As the upsurge in worker organizing and fightback continues to expand – most notably represented in the UAW drives across the auto industry – the 2024 elections loom and the broader social movement to end the U.S. supported Israeli genocide in Palestine widens and spread, the gathering came at particularly timely juncture to assess conditions and develop united plans for advancing in this period.

“Being in a room with such a diverse group of workers, we can consider that a real cross section of the American landscape. It felt like a new beginning of the labor movement to me, a room filled with people organizing to achieve justice in the workplace, from all walks of life, to make sure we have justice for everyone regardless of race, gender, etc,” remarked Jamie Muhammad, Vice President of the International Longshoremen’s Association Local 1414 in Savannah, Georgia. “It was powerful, too, to see so many people wearing keffiyehs and showing solidarity with Palestine. Those are the type of people who look at the news and are aware of everyone’s suffering and want equality for everyone. I’ve never been in a room like that before. When the working people in the South rise up and we come together on a common cause, we can lead the rest of the nation where it needs to go.”

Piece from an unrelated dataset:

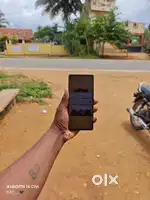 My phone is scrzad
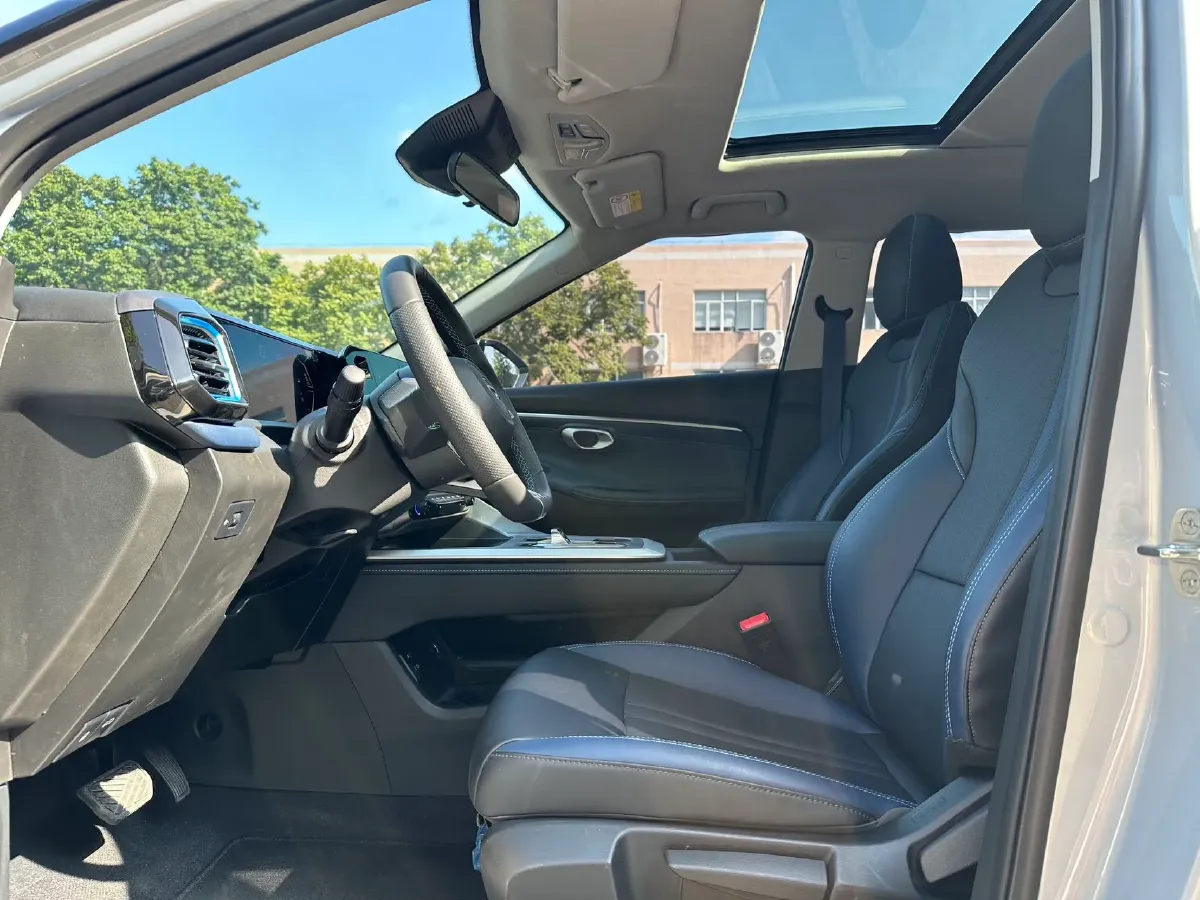 2023 GAC Trumpchi GS3 1.5T 177HP L4 7DCT,autocango,china used car exporter,china ev exporter,chinese used car exporter,chinese used ev exporter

This was the largest worker school convened by the Southern Workers Assembly to date, and included delegations and participation from: El Futuro Es Nuestro/It’s Our Future; Siembra NC; United Campus Workers; UAW; ILA Local 1422; ILA Local 1414; Truckers Movement for Justice (TMJ); UE Local 150; UE Local 111; Union of Southern Service Workers (USSW); National Domestic Workers Alliance (NDWA); Carolina Amazonians United for Solidarity & Empowerment (CAUSE); Duke Graduate Students Union (DGSU); National Nurses United; and several locals of the International Brotherhood of Electrical Workers (IBEW), among others.


So right from the beginning here we're talking about people from many unions and backgrounds getting together under difficult political and economic conditions to talk and learn about things that matter and coming to the table prepared to struggle and make connections between their experiences as Southern workers with one another and with people in Palestine and elsewhere. 

You can see from the article that people showed up with a sophisticated understanding of how the world works. One speaker is quoted as reporting on the attempts to organize auto workers in the South and saying, "The Southern auto industry will not be organized one election at a time, nor will the hospital industry or logistics or any industry. We encourage other unions to follow their example. The UAW founding in the 1930s was based on sit-down strikes that were multi-corporation, multi-location efforts to organize the entire auto industry. That’s the way the modern labor movement was formed. And that’s the way the South will be organized today.”

We're going way beyond the comfort zones of most union trainings when the Assembly's report says

In light of these developments, the Southern Workers Assembly has recently launched a program aimed at recruiting workers to get jobs in some of these growing, strategic sectors of the Southern economy. This program was discussed in some detail during the weekend.

There was also a great deal of discussion of political power and how it’s developed, in light of the 2024 elections. The Southern Workers Assembly’s nine point Worker Power Program was raised as a way for workers to make independent political interventions that are connected to the primary objective of building organization and power in the workplace.

The report on the School makes for some quick and good reading. The Worker Power Program takes a bit more time and concentration. Please read the two documents together and consider how or if you can relate to what is being said there. If you can relate to that, my next question for you is if you think that this can be duplicated here in Oregon or elsewhere and to what extent that you think this could be done.